Write out the lines below exactly, beginning at the one with "Me Convertí En" and stopping after the one with "Crepe De Nutella"; the pictures are not copied.

▸ RECORDS SUPPLIED:

-- Opening Marker --

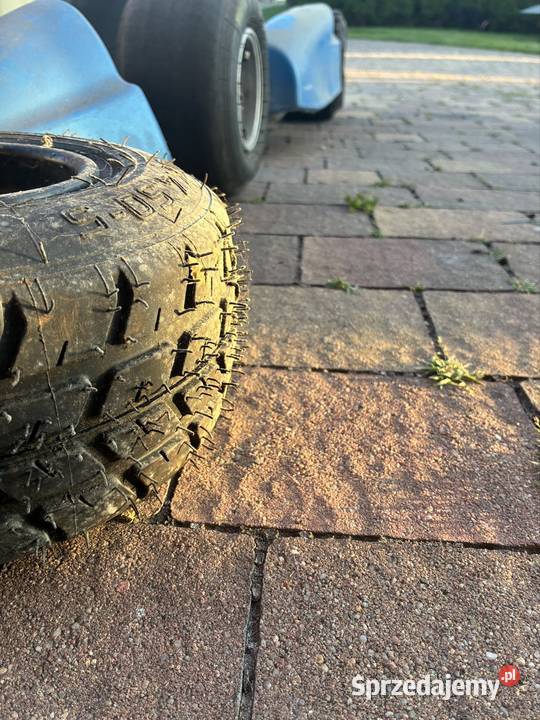 Gokart homolowany plus części Pozostałe Wodzisław Śląski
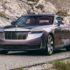 Родстер Rolls-Royce Droptail: эксклюзив на четверых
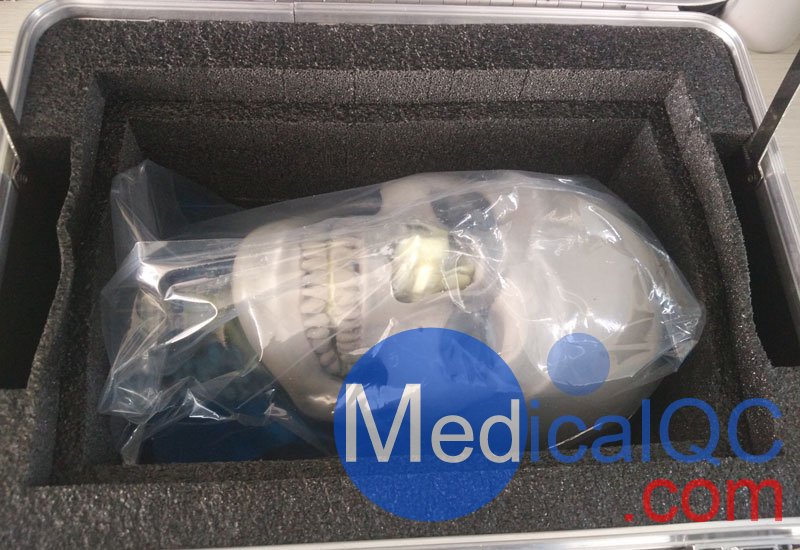 CIRS 711-HN頭部模體，CIRS 711-HN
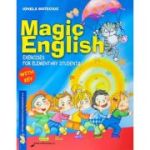 Magic English. Exercises for elementary students - Ionela Mateciuc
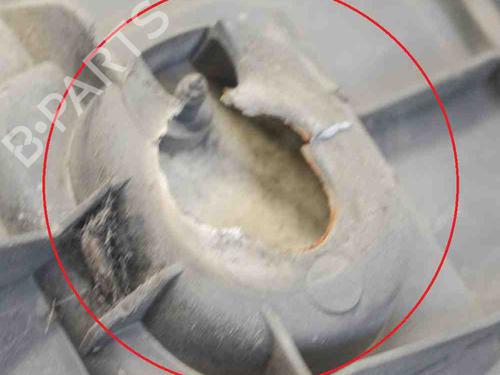 Rear bumper MERCEDES-BENZ SPRINTER 3-t Van (B903) 311 CDI (903.661, 903.662, 903.663) | BP30082248C8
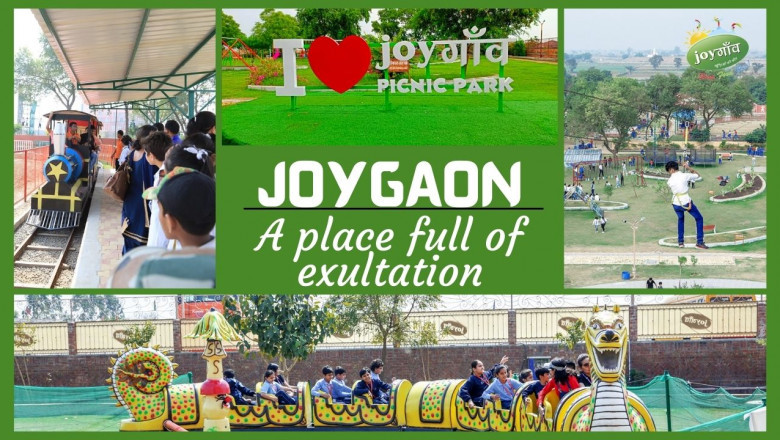 JOYGAON – A place Full of Exultation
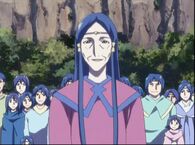 Torans (Deltora Quest) have natural telepathy among their tribe.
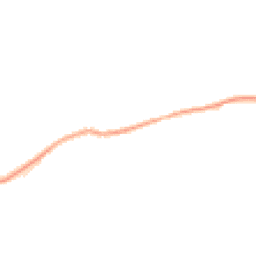 Night-time road noise heatmap for RH4 3QE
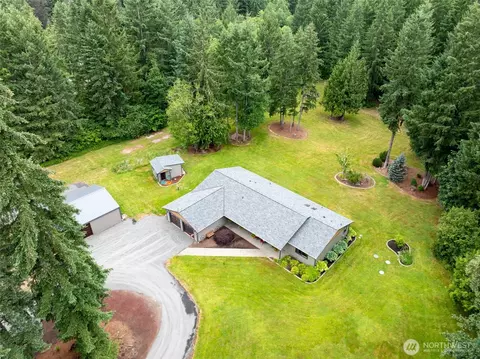 Exterior - 117 Yetter Ln, Chehalis, WA 98532 photo 7 of 10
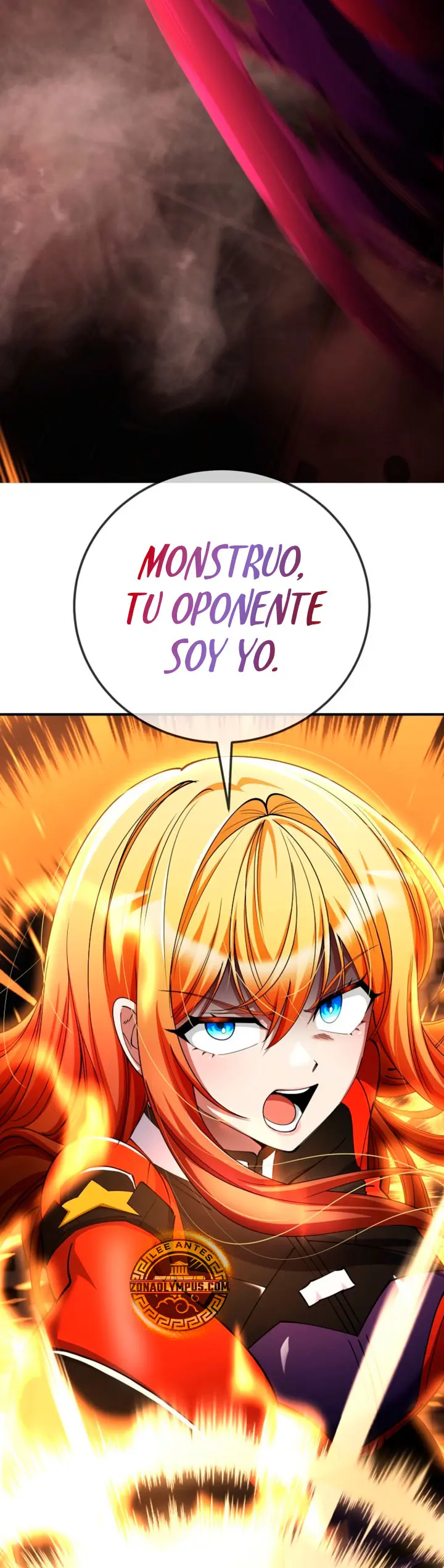 Me Convertí En El Villano Con El Que La Heroína Está Obsesionada (Novela) - Capítulo 56 - Página 36 - LectorTMOo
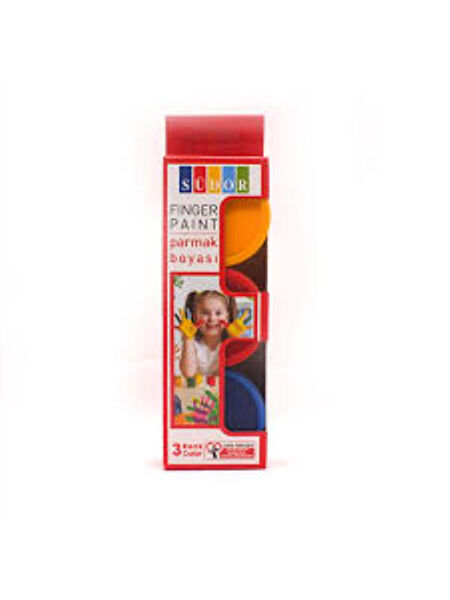 Südor Yüz, Parmak Boyası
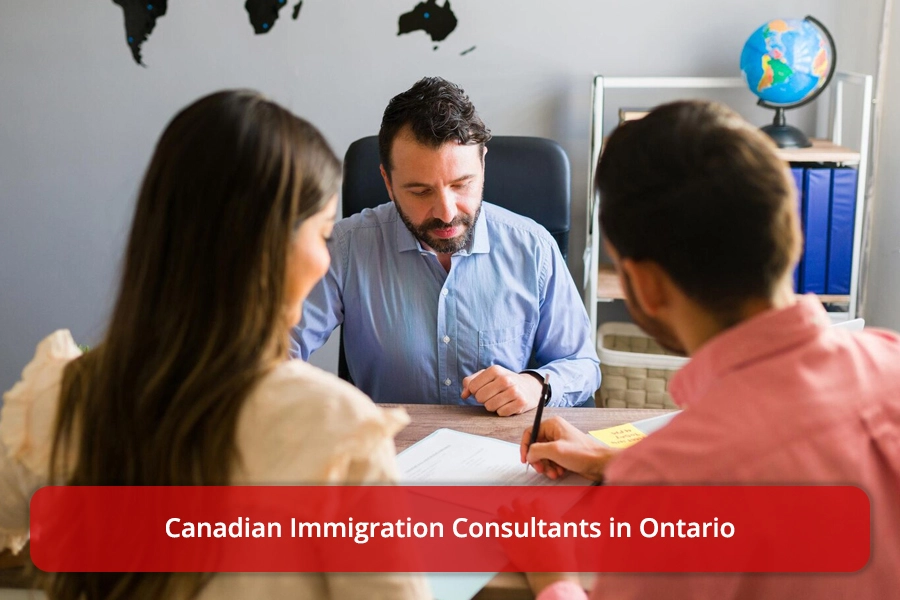 Canadian Immigration Consultants in Ontario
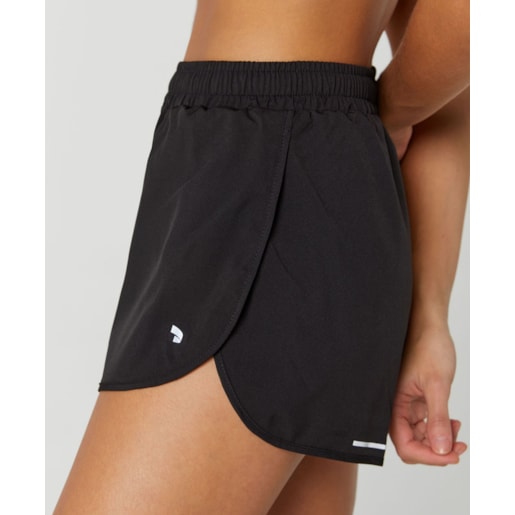 SHORTS ALTO GIRO ETERNO TECNOSPAN RUNNING FEMININO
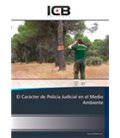 CARACTER DE POLICIA JUDICIAL EN EL MEDIO AMBIENTE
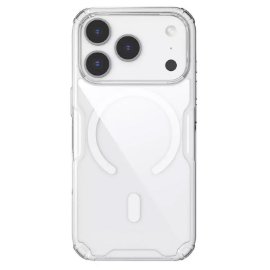 Torbica Nillkin Nature Pro Magnetic za iPhone 17 Pro 6.3 transparent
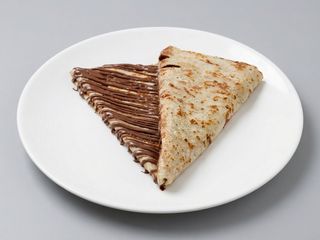 Crepe De Nutella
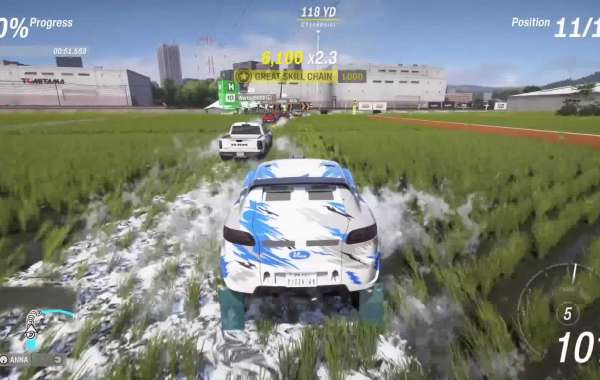 Enhance Driving Control Forza Horizon 6 U4GM Tips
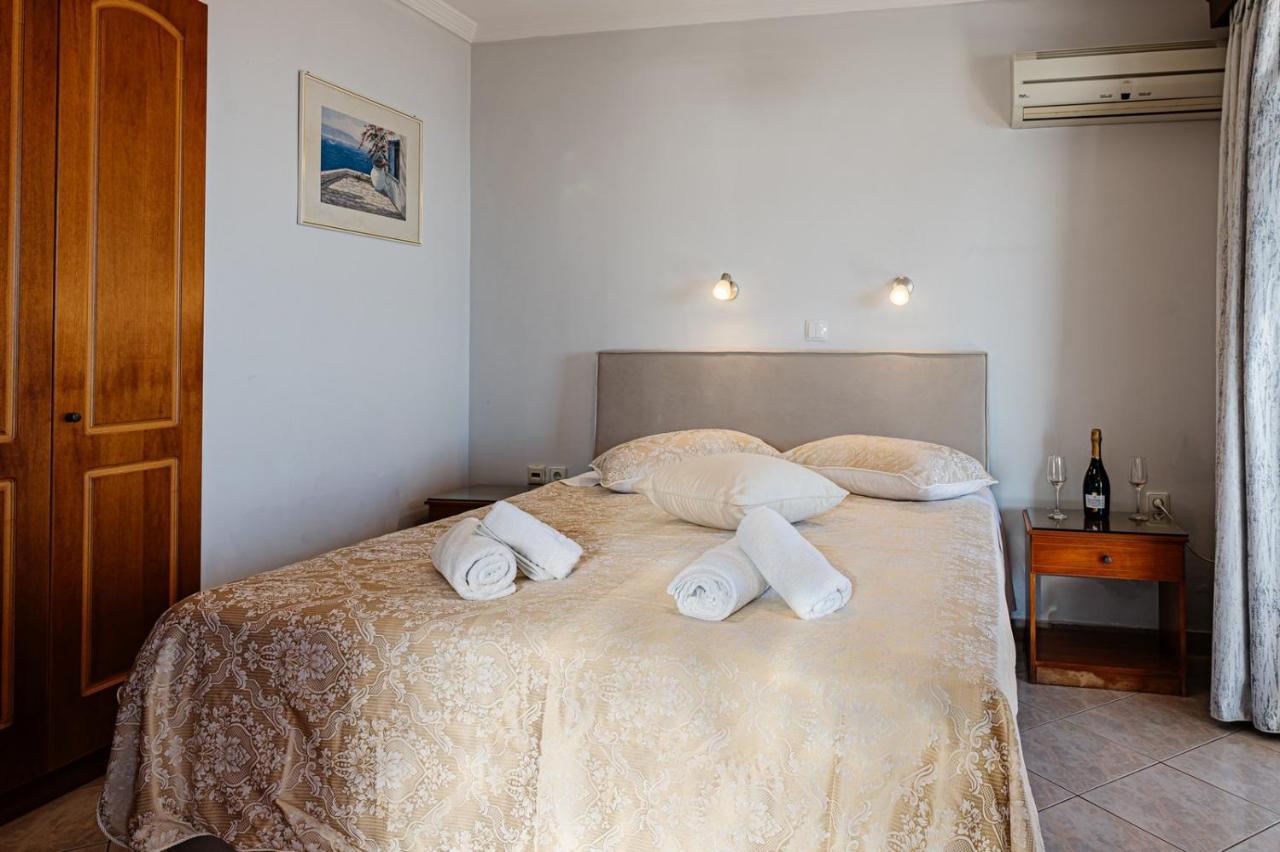 Bluewaves Aparthotel Laganás Eksteriør bilde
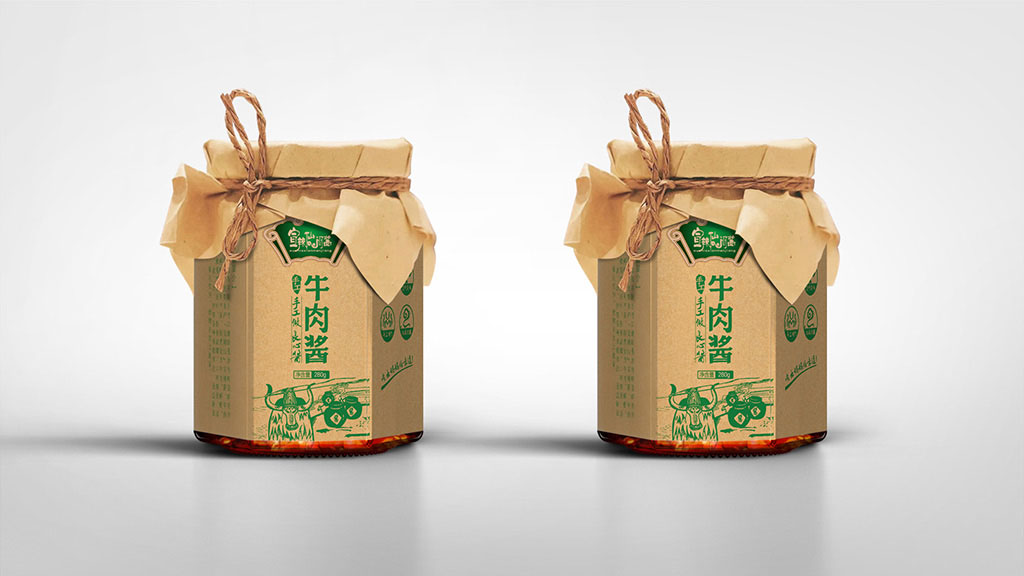 正南品牌设计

-- Closing Marker --

▸ TASK OUTPUT:
 Me Convertí En El Villano Con El Que La Heroína Está Obsesionada (Novela) - Capítulo 56 - Página 36 - LectorTMOo
 Südor Yüz, Parmak Boyası
 Canadian Immigration Consultants in Ontario
 SHORTS ALTO GIRO ETERNO TECNOSPAN RUNNING FEMININO
 CARACTER DE POLICIA JUDICIAL EN EL MEDIO AMBIENTE
 Torbica Nillkin Nature Pro Magnetic za iPhone 17 Pro 6.3 transparent
 Crepe De Nutella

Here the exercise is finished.